Nadmieniłem już nie raz że fascynuje mnie południe stanów zjednoczonych. Może nie jestem obywatelem Dixie, ale niewątpliwie tamtejszy styl życia jest mi bliski i czuję głęboką tęsknotę za tym utraconym krajem, który odmieniła klęska Roberta E. Lee.
Ale bez smętów.
Wracając niedawno z urlopowego wyjazdu, słuchaliśmy w samochodzie różnych rytmów z szeroko pojętego południa. Od Nowego Meksyku i Texasu, po dorzecze Missisipi i bagna Florydy. Tak mną to zakręciło, że wyszukałem małe co nieco i ... teraz słucham zapętlonej play listy.
Wybrałem utwory które znam głównie z filmów bądź trafiłem kiedyś na YouTube.
Poniżej mała próbka tego co mi teraz w głowie gra.
Powyżej Wayfaring Stranger - wykonuje Jack White, w filmie Cold Mountain.
A teraz, Soggy Bottom Boys - I'am a Men of Constant Sorrow z filmu "O brother where art thou?"
A na koniec coś nowszego co jednak przykuło moją uwagę .... hm ... w sumie to juz bardziej country ale .. i tak coś w sobie ma ^_^
Może nie mam gustu muzycznego ale za to wiem co mi się podoba i co mnie intryguje.
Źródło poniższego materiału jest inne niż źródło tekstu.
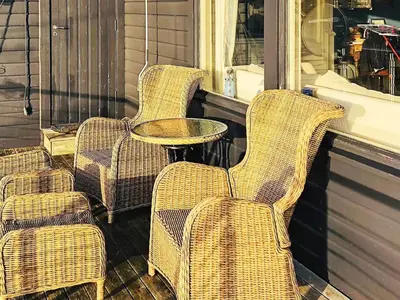 three wicker chairs and a table on a porch at 6 person holiday home in Urangsvåg in Steinsbø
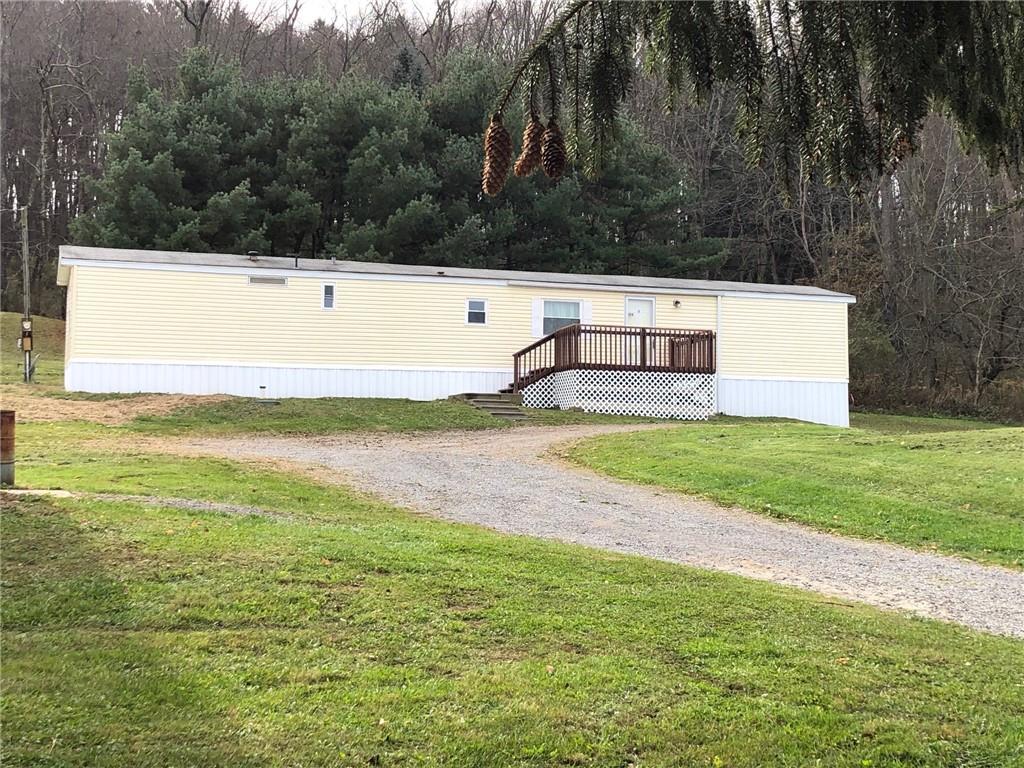 106 Bish Road Butler, PA 16002 - Photo 2 of 9 a view of a field with trees in the background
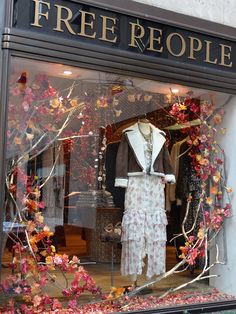 a storefront window with mannequins and flowers in the window display case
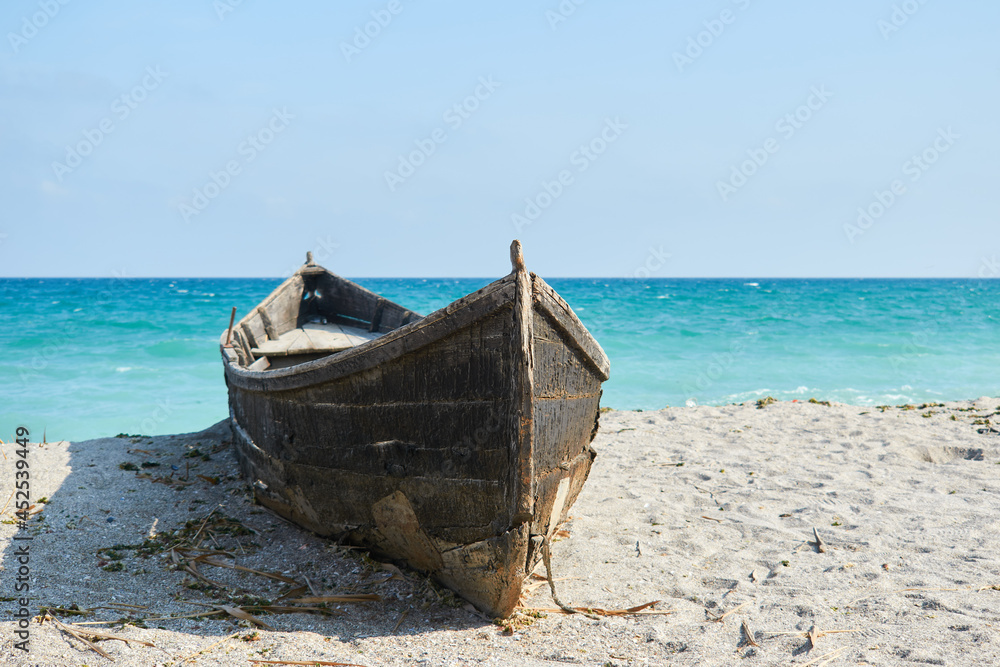 An old boat on the sand at Tuzla with the Black Sea on background An old boat on the sand at Tuzla with the Black Sea on background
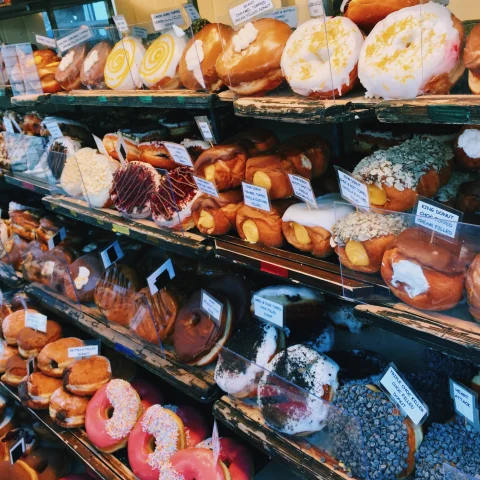 Pastries on shelves in a bakery.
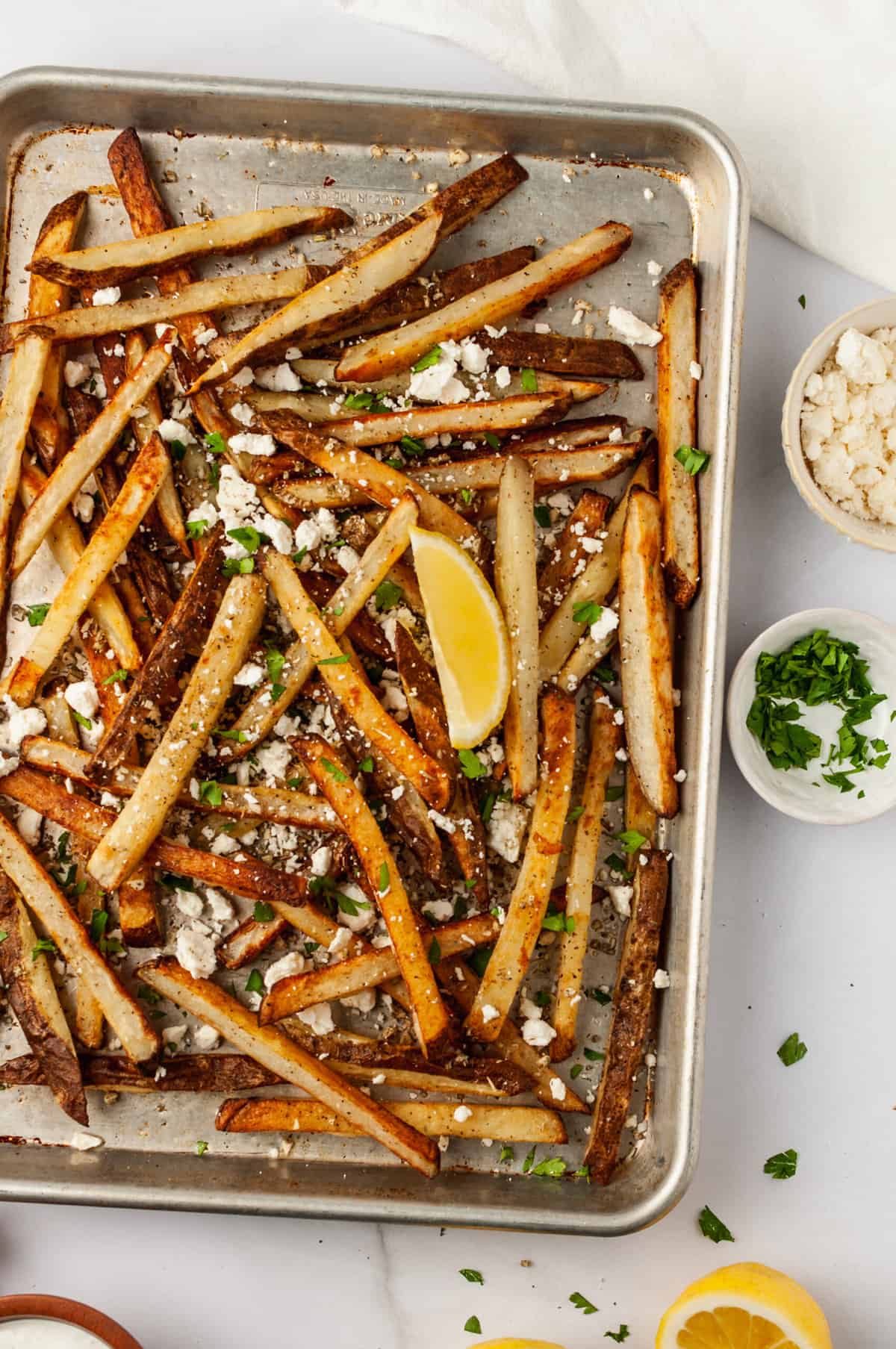 Sheet pan of seasoned Greek fries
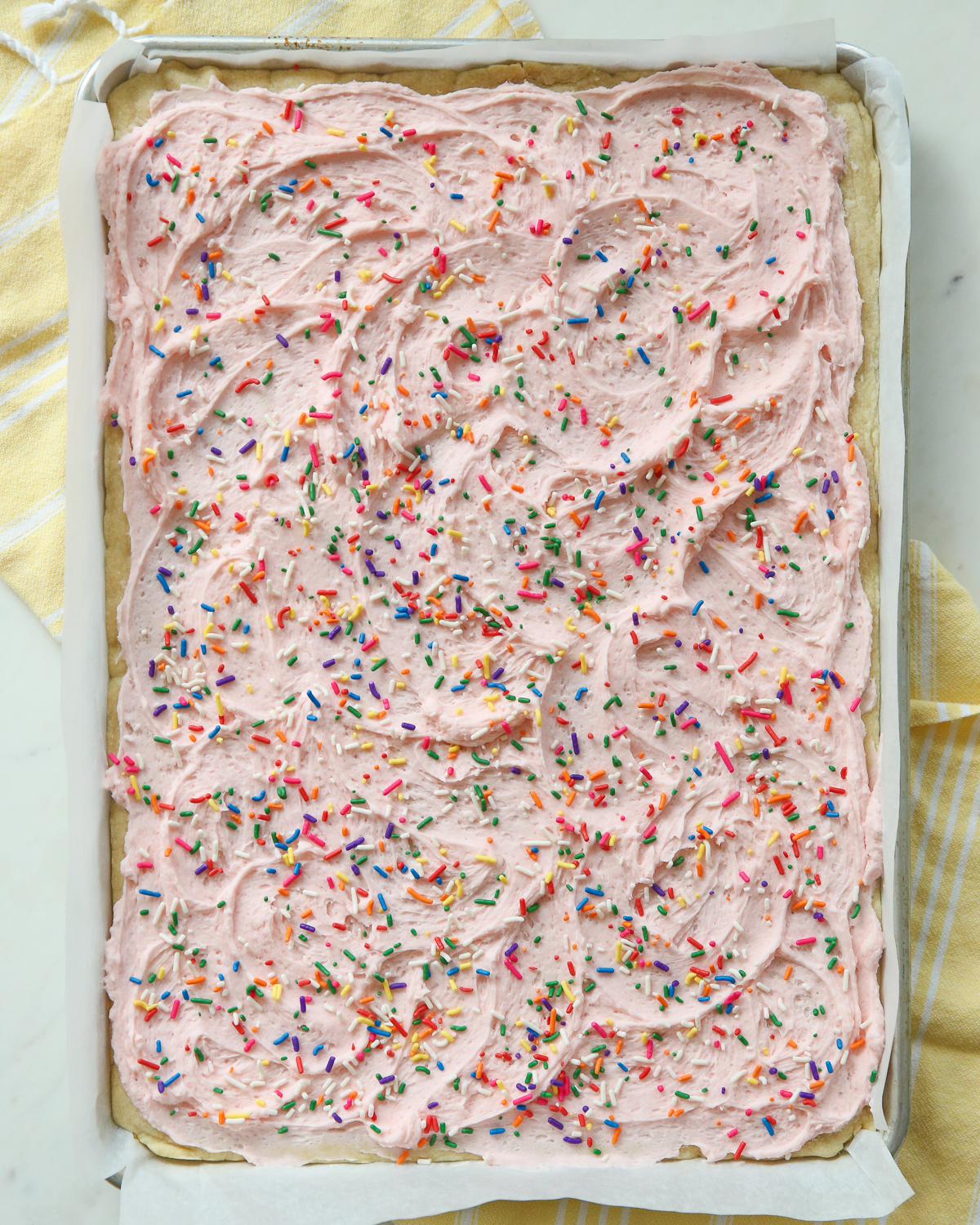 Large sheet pan filled with pink frosting and sprinkles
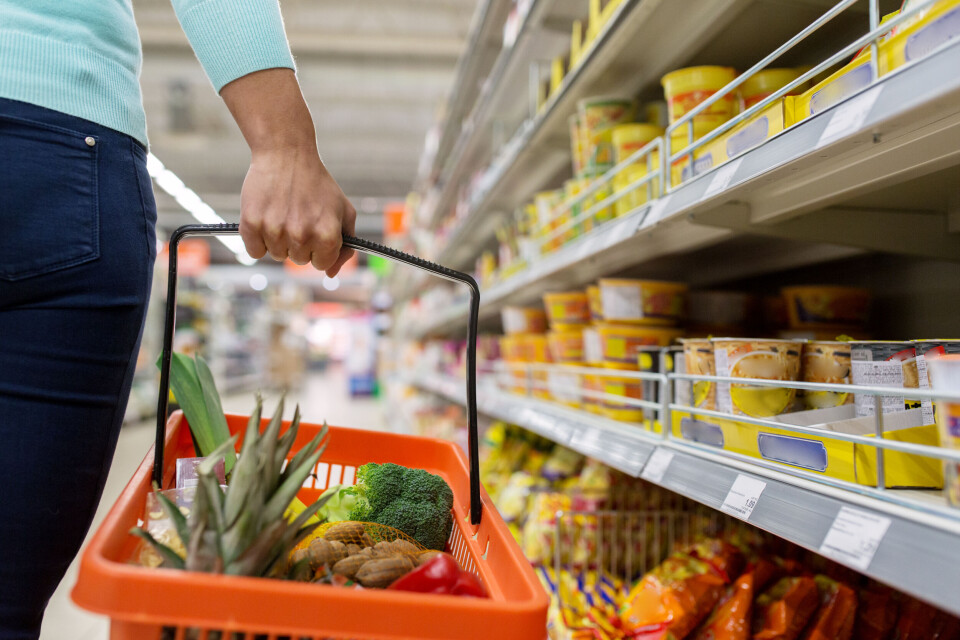 A photo of a woman carrying a basket of items in a supermarket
Może nie mam gustu muzycznego ale za to wiem co mi się podoba i co mnie intryguje.
Big & Rich - Save a Horse (Ride a Cowboy)
Jak widzicie, wszędzie czają się inspiracje ... jakie, to już inna kwestia. Czają się i trzeba uważać co nam wpadnie do głowy, bo możemy mieć problem by się tego pozbyć. Tak ja Ja teraz.